Her fascination with the state’s cultures and customs led Blejwas to volunteer with the Alabama Folklife Association, which was established in 1980 to document, preserve and promote the state’s folk traditions, old and new. She has also explored themes of community and culture as an author of three critically acclaimed books — two middle-grade novels and The Story of Alabama in Fourteen Foods, published in 2019. In 2020, Blejwas was named AFA’s executive director, a role that allows her to continue discovering, preserving and sharing Alabama’s cultural wealth through the organization’s research, education and fellowship programs and its Alabama Folk podcast. In her quest to find, protect and elevate the state’s cultural riches, Blejwas has also become one of its treasures.
– Katie Jackson
As a transplant to Alabama, was the state’s culture and cultural diversity different from your expectations or your experiences in other places you’ve lived and worked?

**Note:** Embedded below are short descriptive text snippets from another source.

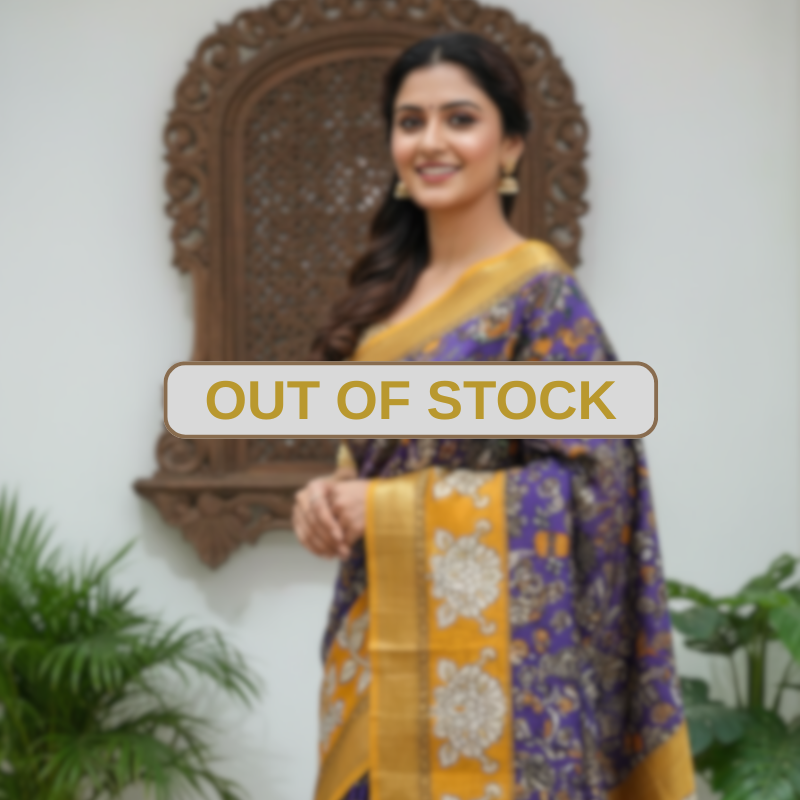 'Narikatika' Purple canvas with Trees and Human motifs  cotton Kalamkari Saree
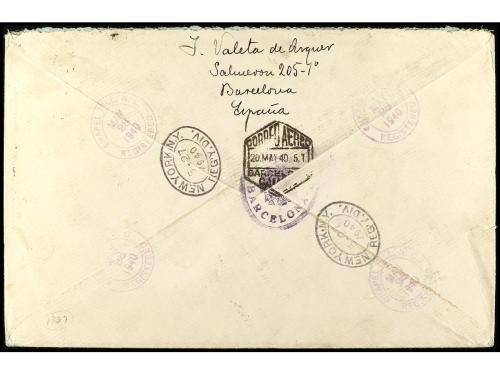 ✉ ESPAÑA. Ed. 889/903. 1940. BARCELONA a U.S.A. Serie comple
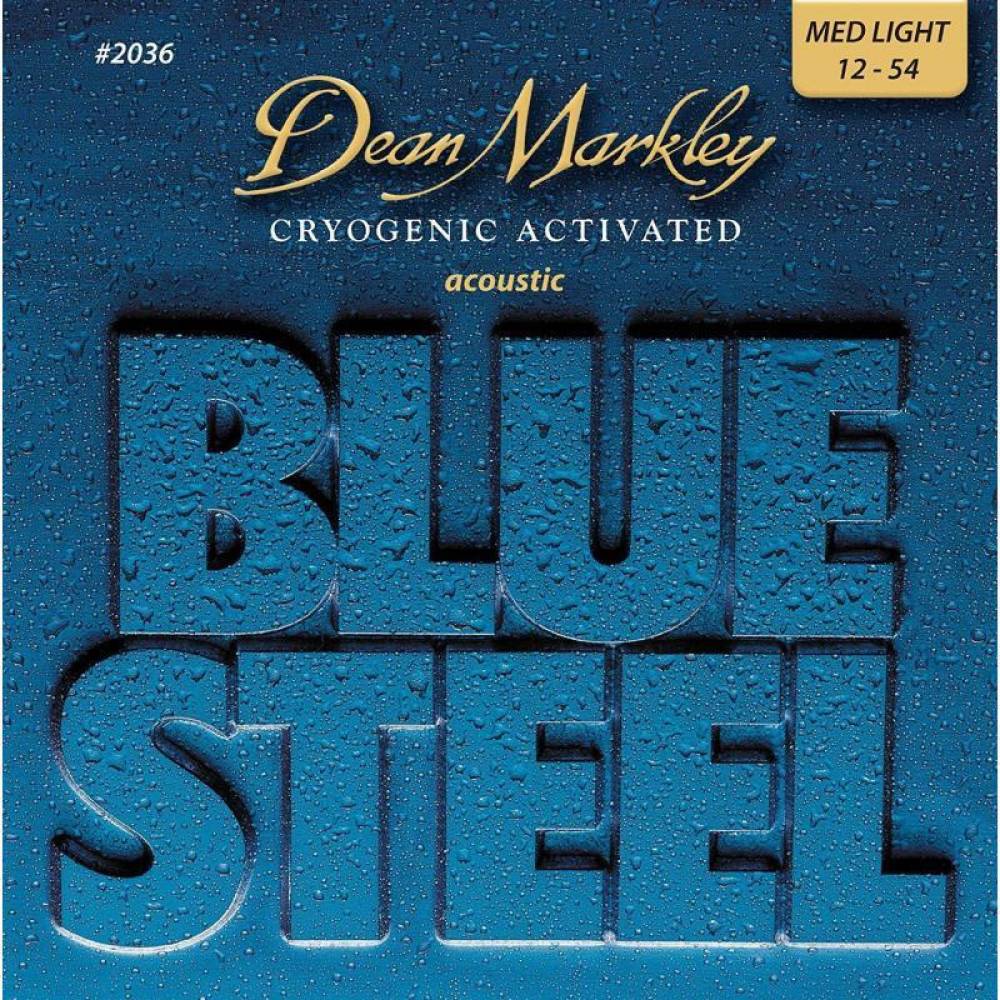 Струны для акустической гитары Dean Markley 2036 Blue Steel Medium Light 12/54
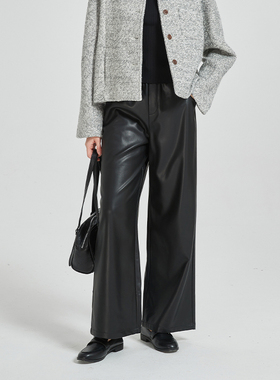 Petit Bari率性垂坠抽绳直筒休闲皮裤黑色皮裤高腰设计 宽松阔腿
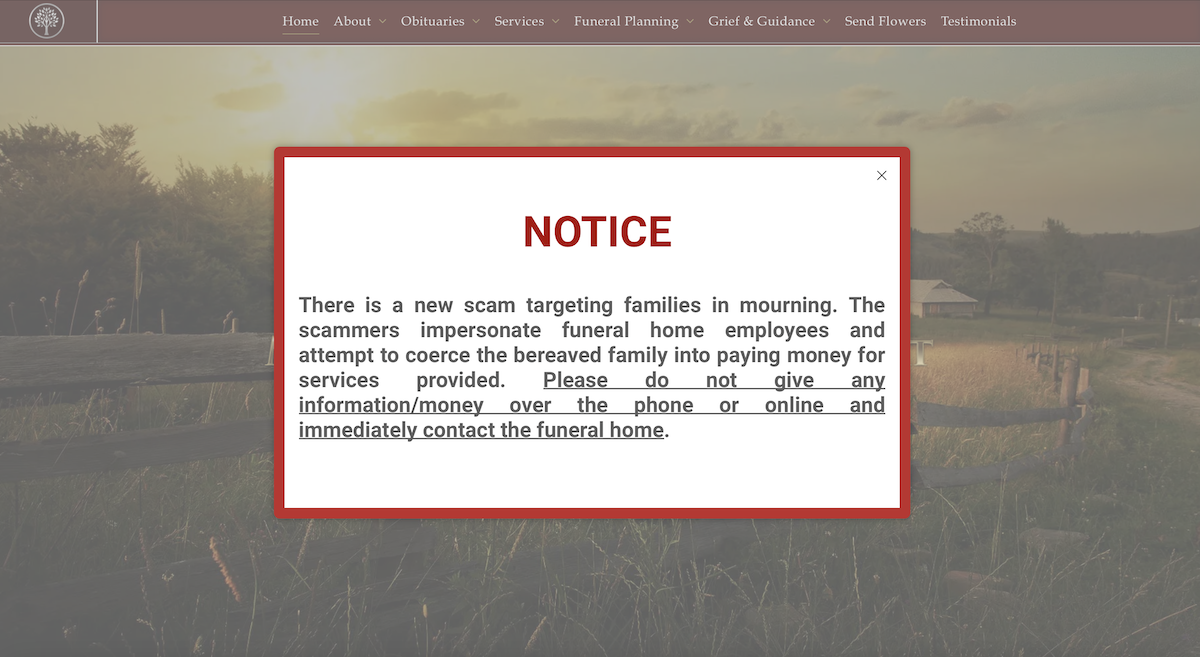 funeral home scam notice copy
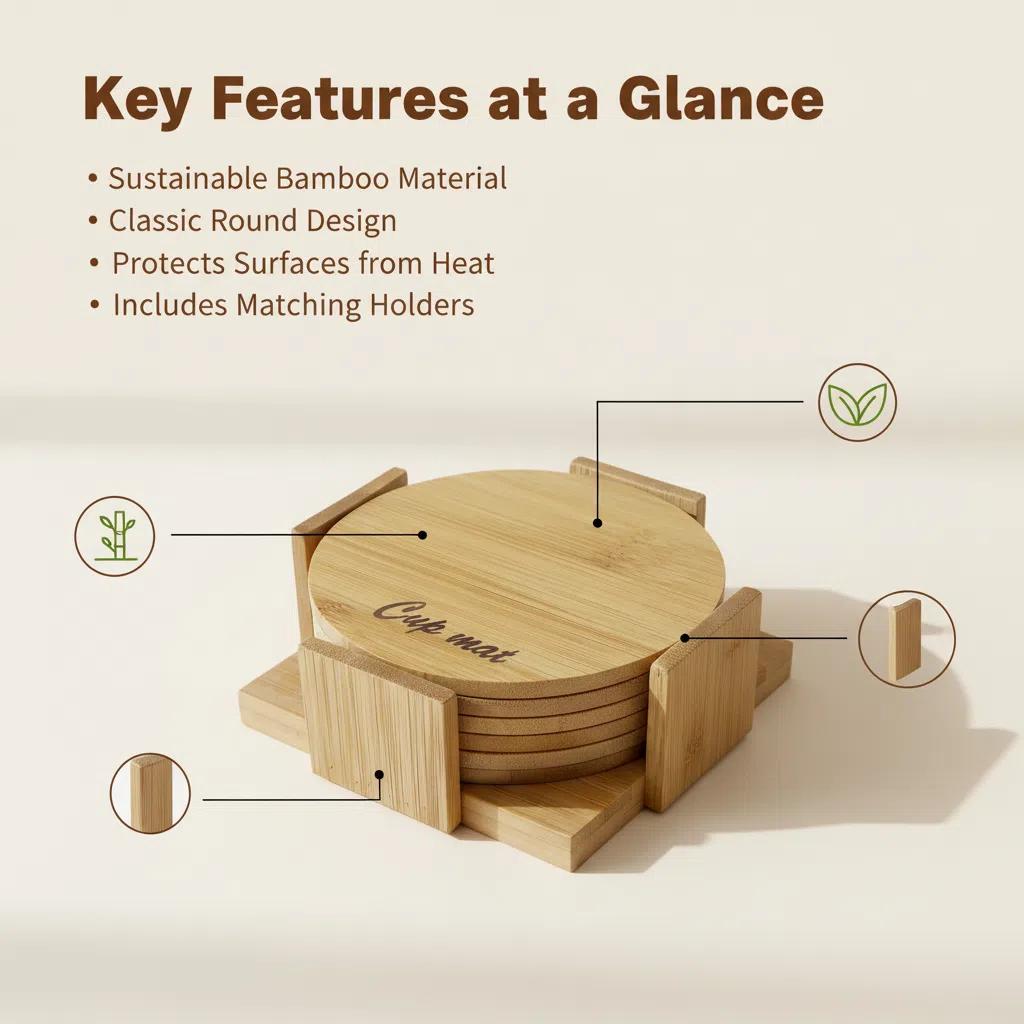 Posavasos de Bambú RS02183 con Soporte Organizador Antideslizante para Mesa Decorativos y Protectoras de Madera Clara 11cm×11cm×0.44cm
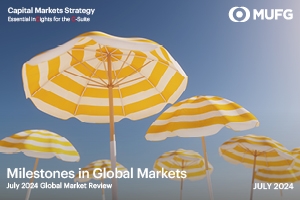 Milestones in Global Markets beach umbrellas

One hundred percent. I knew very little about Alabama when I arrived and didn’t anticipate the stunning diversity within its borders, including racial, cultural, geographic, religious, even biodiversity. I didn’t know we had four Southeast Asian communities in the bayou or barbecue sauces based in tiny hamlets or cultural traditions ranging from clogging and chicken stew in north Alabama to red snapper and Mardi Gras on the Gulf Coast. It still astonishes me, and it still frustrates me that Alabama gets painted in such broad strokes. None of us is one thing, Alabama included.
Was there an event, tradition or moment that led you to embrace Alabama so fully?
It was a pretty immediate transformation. In my first summer I met Joe Minter (an Alabama sculptor) and toured his art grounds in Birmingham, listened to (Alabama author) Kathryn Tucker Windham tell stories at the Okra Festival in Burkville and rolled through Hurricane Ivan. I started a master’s program at Auburn a few months later, which allowed me to dig even deeper into Alabama history and culture. And the more I learned and experienced, the more there was to learn and experience, like walking toward a mountain that keeps moving further away, but in a spectacular way.
Why do culture and the concept of “community” matter to us all? And to you personally?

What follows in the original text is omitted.